On Wed, 23 Feb 2011, Ben Gamari wrote:
> Here is my mail sorting script that has been slowly evolving for almost
> a year now. It uses the Python bindings, along with Bogofilter for spam
> filtering. There is also an update-spam script which brings the
> Bogofilter database in to synchronization with the notmuch tags. On this
> note, if someone wants to implement the ability to hide certain tags
> (say, those matching /\..+/) in the emacs interface it would be greatly
> appreciated. I have notmuch configured such that all new mail starts
> with just the "new" tag. The sorting script then takes it from
> there. Hope this will give folks some ideas.

Hi Ben,

thanks for sharing your setup. It seems really interesting and probably
useful for many people. I'd propose to put it to wiki at
http://notmuchmail.org/initial_tagging/.

When compared to shell scripts for initial tagging, this seems to be
much faster because of freezing all new messages and thawing them after
all tagging is done. Also the handling of watch and unseen tag is
interesting.

The only thing I missed in your email is the definition of tag_search().
You probably define it in notmuch_utils similarly to this:

def tag_search(db, query, *tags):
    logging.debug('tagging %s %s' % (query, tags))
    q = notmuch.Query(db, query)
    for msg in q.search_messages():
        for tagop in tags:
            if tagop[0] == '+':
                msg.add_tag(tagop[1:])
            elif tagop[0] == '-':
                msg.remove_tag(tagop[1:])
            else:
                msg.add_tag(tagop)

> # Tag things
> for filter, tags in _tags:
>         tag_search(db, '%s and tag:new' % filter, *tags)

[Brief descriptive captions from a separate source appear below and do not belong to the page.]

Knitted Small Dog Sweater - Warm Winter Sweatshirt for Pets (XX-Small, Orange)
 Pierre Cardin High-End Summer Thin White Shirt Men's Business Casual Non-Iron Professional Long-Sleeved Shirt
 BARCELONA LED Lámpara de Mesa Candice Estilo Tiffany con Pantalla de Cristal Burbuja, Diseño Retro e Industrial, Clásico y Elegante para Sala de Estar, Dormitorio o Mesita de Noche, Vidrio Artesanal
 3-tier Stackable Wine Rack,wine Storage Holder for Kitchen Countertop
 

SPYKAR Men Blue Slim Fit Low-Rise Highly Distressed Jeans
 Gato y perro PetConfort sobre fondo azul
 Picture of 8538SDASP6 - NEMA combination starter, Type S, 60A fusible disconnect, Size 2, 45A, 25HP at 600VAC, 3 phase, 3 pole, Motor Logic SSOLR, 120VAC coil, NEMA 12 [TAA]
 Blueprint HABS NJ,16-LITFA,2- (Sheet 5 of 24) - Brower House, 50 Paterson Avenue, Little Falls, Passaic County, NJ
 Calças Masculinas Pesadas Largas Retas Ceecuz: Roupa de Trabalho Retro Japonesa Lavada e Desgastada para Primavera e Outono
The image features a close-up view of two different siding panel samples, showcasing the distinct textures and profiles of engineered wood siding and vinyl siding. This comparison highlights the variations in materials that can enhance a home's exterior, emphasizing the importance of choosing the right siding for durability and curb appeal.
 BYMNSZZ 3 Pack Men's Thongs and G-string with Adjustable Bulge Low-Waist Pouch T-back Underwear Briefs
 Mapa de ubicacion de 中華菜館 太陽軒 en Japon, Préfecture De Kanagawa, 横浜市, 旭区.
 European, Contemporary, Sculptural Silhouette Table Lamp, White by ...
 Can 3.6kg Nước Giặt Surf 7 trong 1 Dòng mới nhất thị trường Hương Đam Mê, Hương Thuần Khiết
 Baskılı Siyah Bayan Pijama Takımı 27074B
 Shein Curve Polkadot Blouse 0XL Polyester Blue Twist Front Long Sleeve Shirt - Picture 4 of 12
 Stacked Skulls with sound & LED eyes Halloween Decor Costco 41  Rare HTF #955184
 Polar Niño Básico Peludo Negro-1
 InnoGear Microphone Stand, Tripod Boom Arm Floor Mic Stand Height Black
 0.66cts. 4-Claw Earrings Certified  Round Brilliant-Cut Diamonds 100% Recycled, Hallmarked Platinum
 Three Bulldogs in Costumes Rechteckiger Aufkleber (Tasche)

Here I would suggest to add parentheses around %s like:

     tag_search(db, '( %s ) and tag:new' % filter, *tags)

I use the 'or' operator in a few of my filters and without the
parentheses the query would be interpreted incorrectly.

-Michal

^ permalink raw reply	[flat|nested] 6+ messages in thread

* Re: My mail configuration
  2011-03-06 21:34 ` Michal Sojka
@ 2011-03-11 14:55   ` Ben Gamari
  0 siblings, 0 replies; 6+ messages in thread
From: Ben Gamari @ 2011-03-11 14:55 UTC (permalink / raw)
  To: Michal Sojka, notmuch

On Sun, 06 Mar 2011 22:34:13 +0100, Michal Sojka <sojkam1@fel.cvut.cz> wrote:
> Hi Ben,
> 
> thanks for sharing your setup.
> 
No worries.

> It seems really interesting and probably
> useful for many people. I'd propose to put it to wiki at
> http://notmuchmail.org/initial_tagging/.
> 
Done.

> When compared to shell scripts for initial tagging, this seems to be
> much faster because of freezing all new messages and thawing them after
> all tagging is done.
> 
Indeed, IMHO the python bindings are perfect for this sort of
application.

> Also the handling of watch and unseen tag is interesting.
> 
The watch tag is one of the defining points of my workflow. I deal with
a lot of lists although generally I'm interested in very few threads
from each. The watch tag makes it very easy to find and follow relevant
discussions.

Just to make sure everyone understands what is happening here, the
workflow works as follows,

 1) When a message starting a new thread is encountered it is marked as
    "unseen"

 2) I look at the "unseen" tag, marking threads of interest with "watch"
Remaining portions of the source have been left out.